The Festive Safety campaign’s key crime prevention tips include:

• Ensure your bag is closed and your purse or wallet is not easily accessible when you’re out shopping or partying.

• Don’t leave any purchases on display in your car and park your vehicle in a secure, well-lit area.

• Think before you post photos or check-ins on social media; you may be advertising your home as being empty.

• Only use trusted sites when shopping online - look for the ‘padlock’ in the address line before entering details.

• Plan your journey home from a Christmas night out, don’t leave drinks unattended, stay with your friends and look out for each other.

• Don’t use drugs or New Psychoactive Substances – why risk your life?

• Keep your home secure, lock all windows and doors, and switch on the alarm if you have one.

• Protect any gifts you’ve bought for your family and friends. Get them to register mobiles, tablets, laptops and cameras at Don’t give them a good quality bike without giving them a good quality lock, you can register bikes at

Superintendent Ross Aitken, Police Scotland Safer Communities, said:“Communities across Scotland become busier day and night over the festive period with shoppers and people out celebrating. Police Scotland wants to ensure people have a great time this Christmas by providing some basic prevention advice – whether shopping, socialising, within the home or online.

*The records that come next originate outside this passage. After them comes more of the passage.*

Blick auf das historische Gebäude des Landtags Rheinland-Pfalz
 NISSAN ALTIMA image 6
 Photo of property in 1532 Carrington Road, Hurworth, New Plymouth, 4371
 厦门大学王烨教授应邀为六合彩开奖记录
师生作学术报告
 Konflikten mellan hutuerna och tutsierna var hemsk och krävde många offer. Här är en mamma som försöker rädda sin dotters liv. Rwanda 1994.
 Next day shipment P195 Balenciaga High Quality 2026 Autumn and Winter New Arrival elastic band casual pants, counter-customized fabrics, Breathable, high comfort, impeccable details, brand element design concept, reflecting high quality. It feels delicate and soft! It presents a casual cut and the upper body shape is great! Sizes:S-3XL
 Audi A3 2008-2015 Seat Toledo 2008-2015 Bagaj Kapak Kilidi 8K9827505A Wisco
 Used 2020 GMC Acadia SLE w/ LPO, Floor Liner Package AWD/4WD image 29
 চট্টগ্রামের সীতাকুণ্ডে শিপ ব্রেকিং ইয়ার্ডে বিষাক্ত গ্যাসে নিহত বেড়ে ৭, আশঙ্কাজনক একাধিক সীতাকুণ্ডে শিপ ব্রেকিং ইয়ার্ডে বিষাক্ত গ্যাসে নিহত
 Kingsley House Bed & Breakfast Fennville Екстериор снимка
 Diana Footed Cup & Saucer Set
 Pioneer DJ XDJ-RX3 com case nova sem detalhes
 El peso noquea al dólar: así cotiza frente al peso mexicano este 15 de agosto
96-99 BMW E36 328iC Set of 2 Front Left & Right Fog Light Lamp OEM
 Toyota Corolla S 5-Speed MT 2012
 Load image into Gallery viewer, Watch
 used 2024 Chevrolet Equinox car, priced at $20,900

Trading Standards Scotland Chief Officer, Fiona Richardson, said: “Be careful when shopping online in the run up to Christmas. Take simple steps to protect yourself - only use secure sites and payment methods, look for physical contact details on the site so you know where to go if you do have an issue and be wary of buying designer goods from social media sites and online markets. Most importantly remember that if it looks too good to be true it probably is.”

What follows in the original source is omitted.